Cube of Nature: Evolution of physics and mathematics

Cube of Nature: Evolution of physics and mathematics

Mathematics is the mirror of civilization”

Physics deals with the study and understanding of the physical world. And simultaneous study and measurement of experiment and mathematics lead us to the fundamental understanding of nature. Mathematics is the language of physics, and hence considered as the universal language to understand our existence and nature in this universe. Mathematics represents trust and truth. It may be true that the same mathematical theories hold true in other planets also, so it is a must for a good physicist to have a strong background of mathematics. The human mind, physical world and mathematics relate with each other in a subtle way. It is a universal eternal triangle. And because of this triangle, the quest for knowing more and more about this universe goes on. Stephen Hawking once remarked, “There is no need of invoking God, as long as we have mathematics”.

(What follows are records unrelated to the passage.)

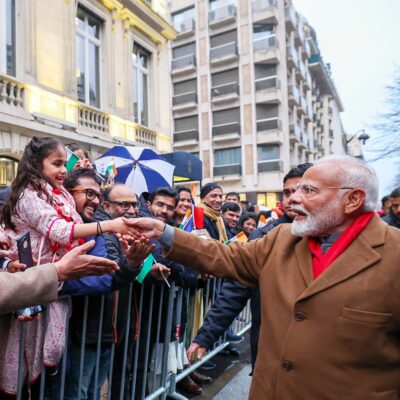 Marseille Drives Euro India Trade Innovation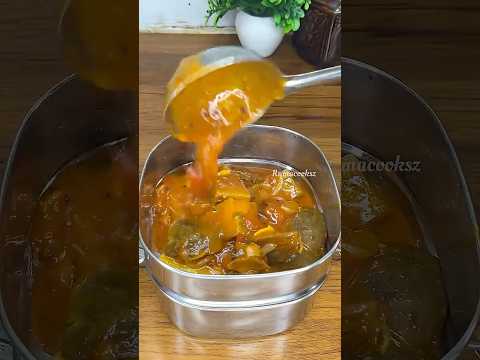 Rama cookszのレシピ: 簡単弁当アイデア | 満足感のあるティフィン弁当詰め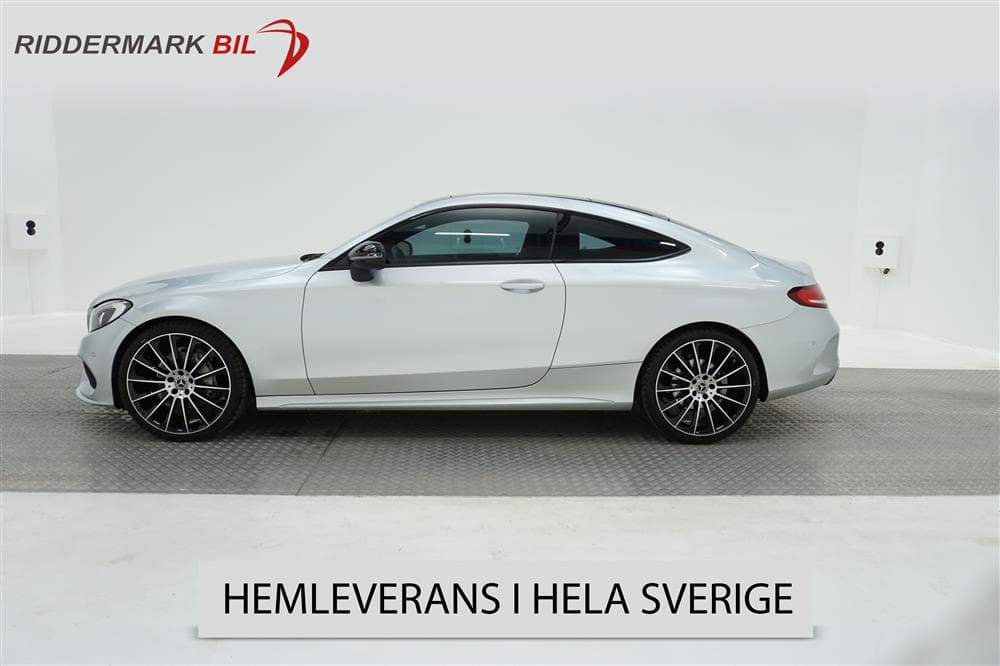 Mercedes C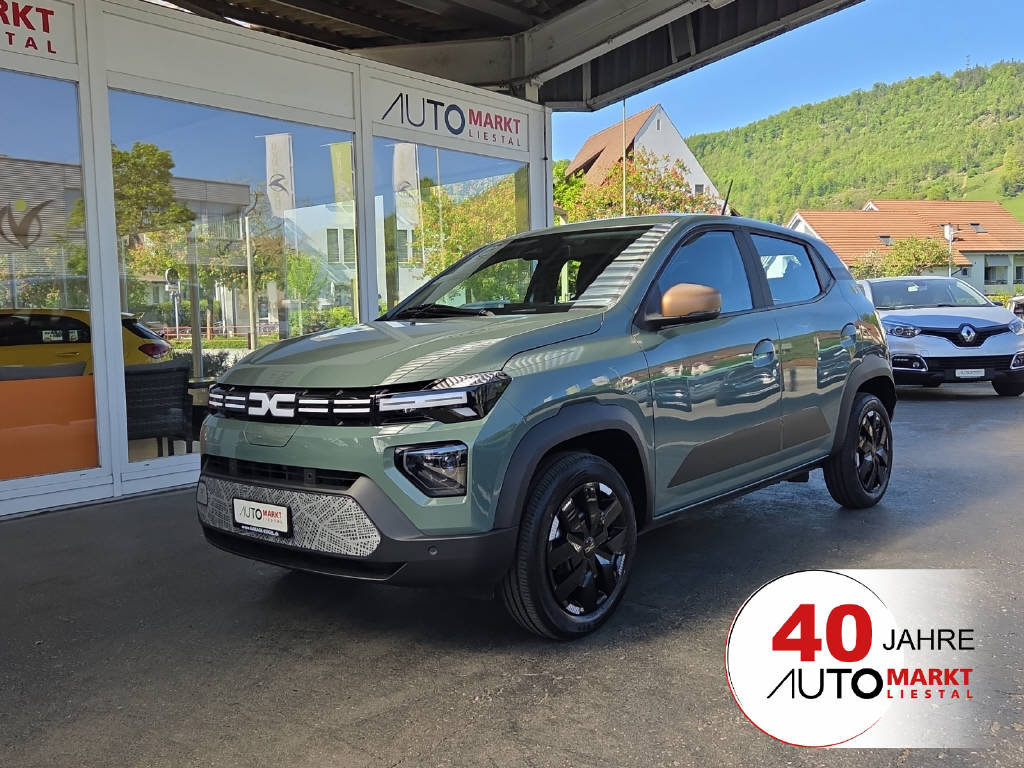 DACIA Spring Extreme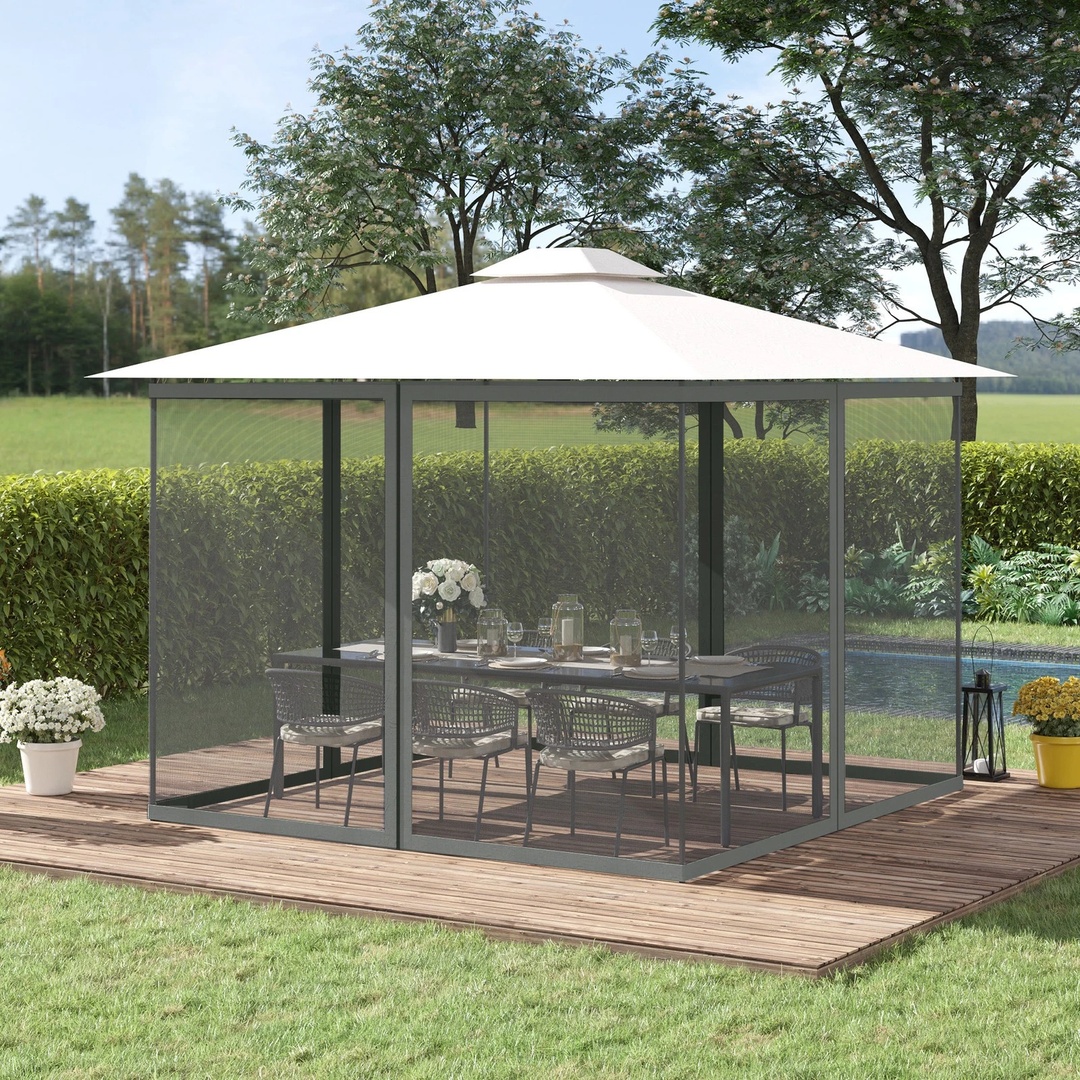 352 x 207cm Universal Replacement Gazebo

The human thirst for knowledge started a long time ago. Greek philosophers used to say that the four fundamental forces that constitute the universe were fire, air, water and land. If this theory were to be true, our life would have been simpler. But the quest was never ending. As the mathematical theories developed, more realistic theories were put forward by philosophers. The classical era was started by Kepler’s law. Kepler’s laws (1609) were the starting point in understanding physical world (Astronomia Nova). This was followed by the celebrated Newton’s laws of motion and Newton’s gravitational theory (Principia). Newtonian picture of the world is probably the most famous of all the theories that have been invented or discovered so far. It was the first window to look through nature. Newton used Euclidean geometry to represent his point of view of nature. Newton also started a new frontier in physics by discovering calculus to derive gravitational force equations, which led to the beginning of classical mechanics viz. Lagrangian and Hamiltonian formalisms. On the other side of the history in science, the empirical laws of electromagnetism lead to lines of force due to Faraday (experimentalist) and then to Maxwell’s four equations which are first order differential forms in symmetric space and time co-ordinates (gauge invariance and Lorentz transformation implicit). Also the introduction of Lorentz transformation leads to the geometry of flat space-time and birth of special theory of relativity of Albert Einstein. A more general symmetry (General Covariance for all frames including non-inertial frame) combined with Equivalence Principle (Inertia=Gravity), leads to the development of Einstein’s General Theory of Relativity (GTR) (1916). In GTR the 4-dimentional curved space-time embodies the gravitational force. General Covariance is a local symmetry principle and extra structure known as affine connection (which represents gravitational potential) is needed to satisfy geometry of curved space-time and concept of classical field (Riemannian Geometry).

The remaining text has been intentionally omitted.